Mais la principale limitation technologique tient au fait qu'aujourd'hui, compte tenu des intensités possibles de manière réaliste (en dehors de la supraconductivité), il n'est pas possible d'obtenir des poussées importantes (seulement quelques grammes...) ce qui limite à des systèmes de contrôle d'attitude (orientation), ou des changements d'orbite extrêmement lents. Cependant, Franklin Chang-Diaz (un astronaute) a obtenu en labo des résultats qui permettent d'espérer des poussées bien plus significatives.
- Et l'énergie thermonucléaire?
- Il y a un projet, Orion, qui réutilise les technologies éprouvées de la bombe H pour créer un plasma de type fusée. Toutes les techniques sont théoriquement au point. Elles ont été développées à des fins qui n'avaient rien de pacifique, mais ici nous les utiliserions pour ce pour quoi nous sommes faits: avancer, marcher, aller plus loin.

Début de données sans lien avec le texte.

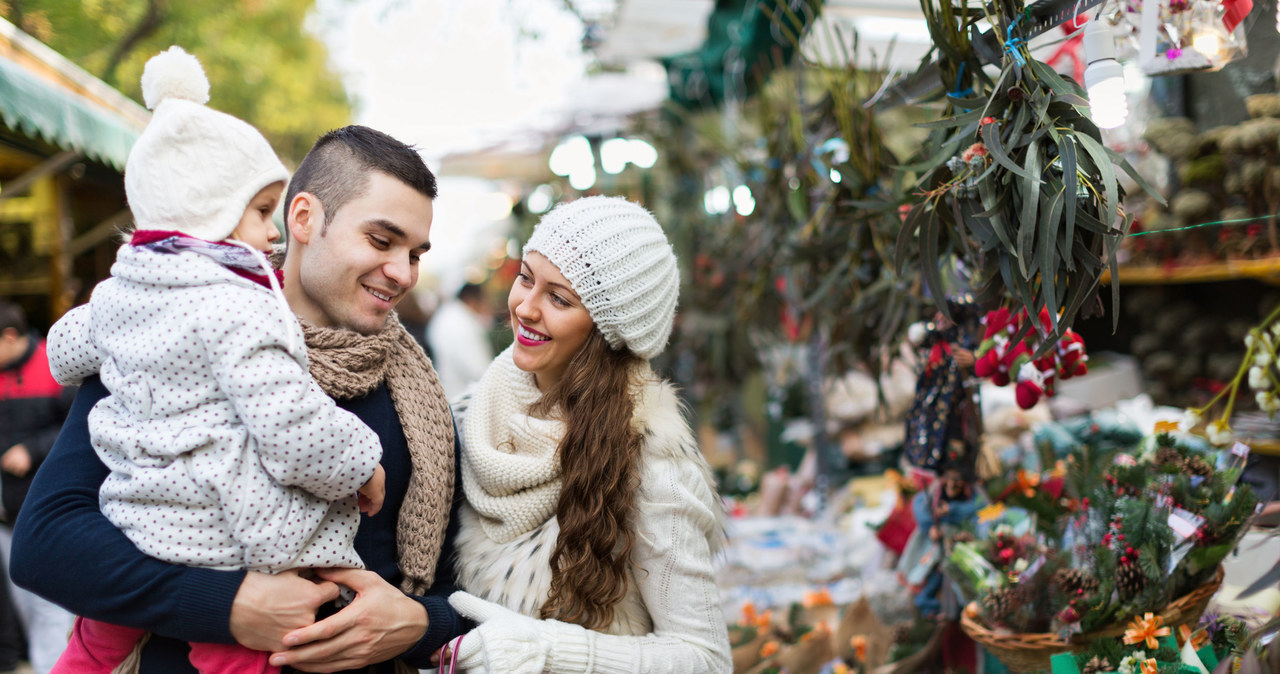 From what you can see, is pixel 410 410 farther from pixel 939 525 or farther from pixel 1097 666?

- Et le Soleil, tu es dans le vent?
- Les poussées que l'on peut obtenir par le vent solaire sont extrêmement faibles, et limitent là encore les applications au contrôle d'attitude des satellites (ce qui permet toutefois des économies appréciables d'ergols). En revanche, ce principe utilise pour la première fois de la matière qui ne vient pas du véhicule. Car tu as bien remarqué que ce qui est catastrophiquement pénalisant, c'est d'emmener avec soi toute cette matière rien que pour l'éjecter.
- Il y aurait donc d'autres principes de propulsion spatiale que la réaction?

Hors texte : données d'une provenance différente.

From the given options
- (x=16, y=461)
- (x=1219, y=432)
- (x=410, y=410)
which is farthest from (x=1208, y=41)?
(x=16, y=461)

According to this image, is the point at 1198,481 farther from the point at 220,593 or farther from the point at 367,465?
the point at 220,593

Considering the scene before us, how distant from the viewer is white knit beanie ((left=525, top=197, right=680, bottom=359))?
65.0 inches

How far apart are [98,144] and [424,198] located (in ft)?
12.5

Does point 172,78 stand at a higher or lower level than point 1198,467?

- En réalité non, car en définitive même ces processus "extérieurs" sont fondés sur la réaction. Mais cependant, cette réaction peut être d'origine extérieure au vaisseau spatial: Jules Verne a bien imaginé un canon qui pousse le vaisseau (quelle accélération!!!). Il avait peut-être là l'intuition d'un moyen futuriste. On peut montrer qu'un laser de quelques mégawatts en continu (on n'y arrive aujourd'hui que par impulsions, mais...) peut théoriquement propulser une sonde (réflecteur kevlar) de 1 gramme (!) à c/10 (un dixième de la vitesse de la lumière) en quelques mois (à condition de bien "viser", pour "pousser" la sonde par la pression de radiation, qui agit bien par réaction des photons). On commence à chatouiller des vitesses relativistes, avec tout ce que cela implique... C'est évidemment encore à la limite de l'horizon, mais on entrevoit peut-être une petite possibilité de ce côté. C'est littéralement une fusée photonique, mais pas un système irréaliste, puisque l'énergie n'est pas embarquée...

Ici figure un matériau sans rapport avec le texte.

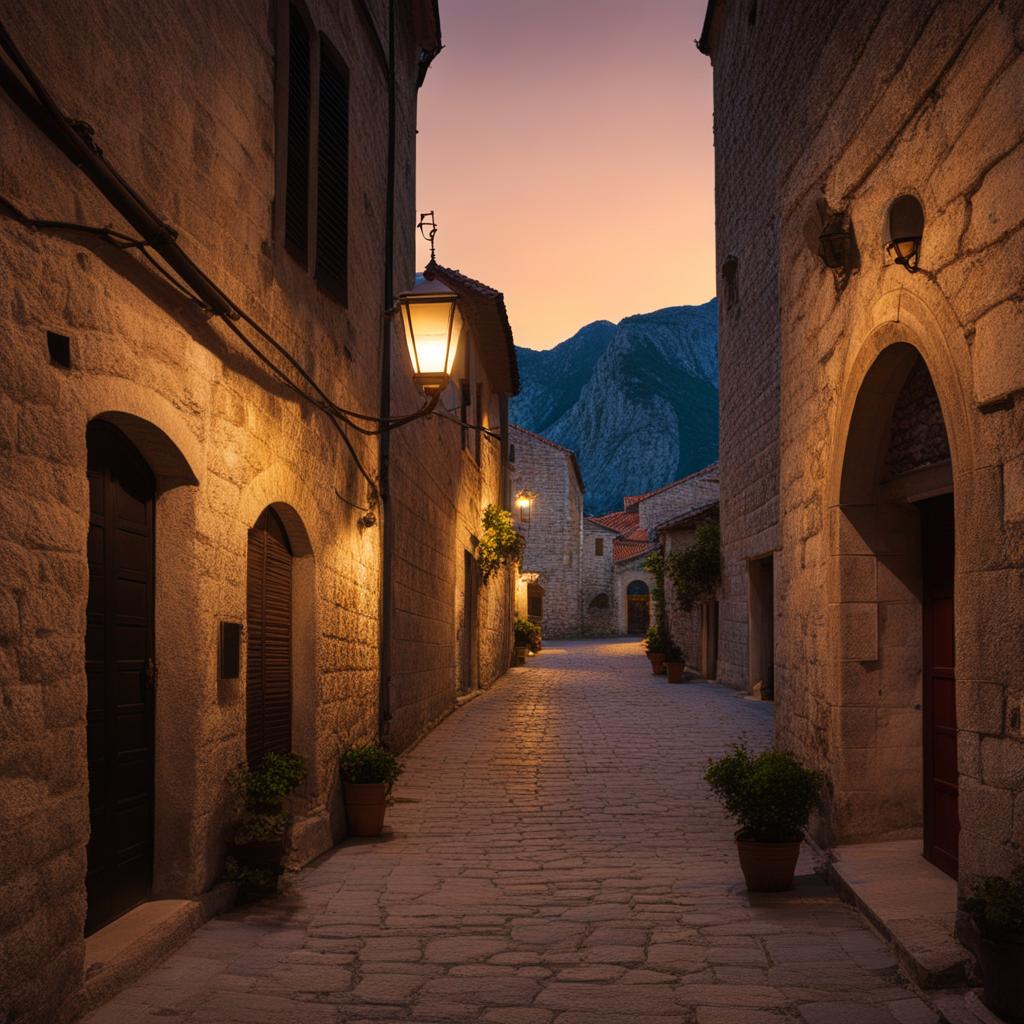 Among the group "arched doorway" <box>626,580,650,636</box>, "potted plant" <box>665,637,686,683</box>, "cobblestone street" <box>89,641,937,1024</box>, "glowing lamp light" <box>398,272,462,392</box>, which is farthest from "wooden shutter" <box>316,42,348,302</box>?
"arched doorway" <box>626,580,650,636</box>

La réflexion peut même servir à renvoyer des informations.
- Tu y as réfléchi?
- Oui, comme le miroir. Autre possibilité, plus à ras de terre, pour décoller. Sais-tu qu'aujourd'hui, les bielles en carbone utilisées sur les avions actuels, ont une résistance en compression (on appelle cela le flambement) suffisante, par rapport à leur poids, pour bâtir un pylône de 80 km. On touche l'Espace... Evidemment, il faut un grand nombre de bielles pour cette Tour Eiffel, mais enfin...
- Je vais partir, maintenant que tu m'as un peu fait rêver éveillé.
- Quand tu veux, on peut rediscuter de l'Espace. À bientôt.